Data extracted from a collection
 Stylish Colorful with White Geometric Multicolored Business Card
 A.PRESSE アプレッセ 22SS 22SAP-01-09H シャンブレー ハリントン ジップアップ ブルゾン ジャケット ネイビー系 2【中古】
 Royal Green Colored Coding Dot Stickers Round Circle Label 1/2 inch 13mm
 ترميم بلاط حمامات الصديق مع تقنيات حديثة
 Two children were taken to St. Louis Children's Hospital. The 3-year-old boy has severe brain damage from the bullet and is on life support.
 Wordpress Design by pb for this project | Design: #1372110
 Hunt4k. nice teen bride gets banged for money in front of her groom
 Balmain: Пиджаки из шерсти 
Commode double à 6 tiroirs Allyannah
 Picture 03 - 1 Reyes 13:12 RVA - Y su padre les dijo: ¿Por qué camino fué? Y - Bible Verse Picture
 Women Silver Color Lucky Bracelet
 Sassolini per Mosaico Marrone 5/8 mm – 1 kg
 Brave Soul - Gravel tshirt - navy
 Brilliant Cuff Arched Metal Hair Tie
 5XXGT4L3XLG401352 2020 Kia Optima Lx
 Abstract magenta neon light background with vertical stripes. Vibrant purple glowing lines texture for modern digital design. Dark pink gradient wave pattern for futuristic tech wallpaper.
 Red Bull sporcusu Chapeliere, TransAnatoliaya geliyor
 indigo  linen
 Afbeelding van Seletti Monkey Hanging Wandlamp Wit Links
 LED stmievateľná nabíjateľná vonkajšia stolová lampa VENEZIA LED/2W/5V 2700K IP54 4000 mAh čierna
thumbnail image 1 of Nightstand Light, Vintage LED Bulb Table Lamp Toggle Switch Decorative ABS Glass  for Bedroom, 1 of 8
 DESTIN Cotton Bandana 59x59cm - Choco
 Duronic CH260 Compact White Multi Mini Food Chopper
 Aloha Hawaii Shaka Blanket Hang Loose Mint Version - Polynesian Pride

*Action item*
Line by line, write out the records above exactly.

*Response to this task*
 Stylish Colorful with White Geometric Multicolored Business Card
 A.PRESSE アプレッセ 22SS 22SAP-01-09H シャンブレー ハリントン ジップアップ ブルゾン ジャケット ネイビー系 2【中古】
 Royal Green Colored Coding Dot Stickers Round Circle Label 1/2 inch 13mm
 ترميم بلاط حمامات الصديق مع تقنيات حديثة
 Two children were taken to St. Louis Children's Hospital. The 3-year-old boy has severe brain damage from the bullet and is on life support.
 Wordpress Design by pb for this project | Design: #1372110
 Hunt4k. nice teen bride gets banged for money in front of her groom
 Balmain: Пиджаки из шерсти 
Commode double à 6 tiroirs Allyannah
 Picture 03 - 1 Reyes 13:12 RVA - Y su padre les dijo: ¿Por qué camino fué? Y - Bible Verse Picture
 Women Silver Color Lucky Bracelet
 Sassolini per Mosaico Marrone 5/8 mm – 1 kg
 Brave Soul - Gravel tshirt - navy
 Brilliant Cuff Arched Metal Hair Tie
 5XXGT4L3XLG401352 2020 Kia Optima Lx
 Abstract magenta neon light background with vertical stripes. Vibrant purple glowing lines texture for modern digital design. Dark pink gradient wave pattern for futuristic tech wallpaper.
 Red Bull sporcusu Chapeliere, TransAnatoliaya geliyor
 indigo  linen
 Afbeelding van Seletti Monkey Hanging Wandlamp Wit Links
 LED stmievateľná nabíjateľná vonkajšia stolová lampa VENEZIA LED/2W/5V 2700K IP54 4000 mAh čierna
thumbnail image 1 of Nightstand Light, Vintage LED Bulb Table Lamp Toggle Switch Decorative ABS Glass  for Bedroom, 1 of 8
 DESTIN Cotton Bandana 59x59cm - Choco
 Duronic CH260 Compact White Multi Mini Food Chopper
 Aloha Hawaii Shaka Blanket Hang Loose Mint Version - Polynesian Pride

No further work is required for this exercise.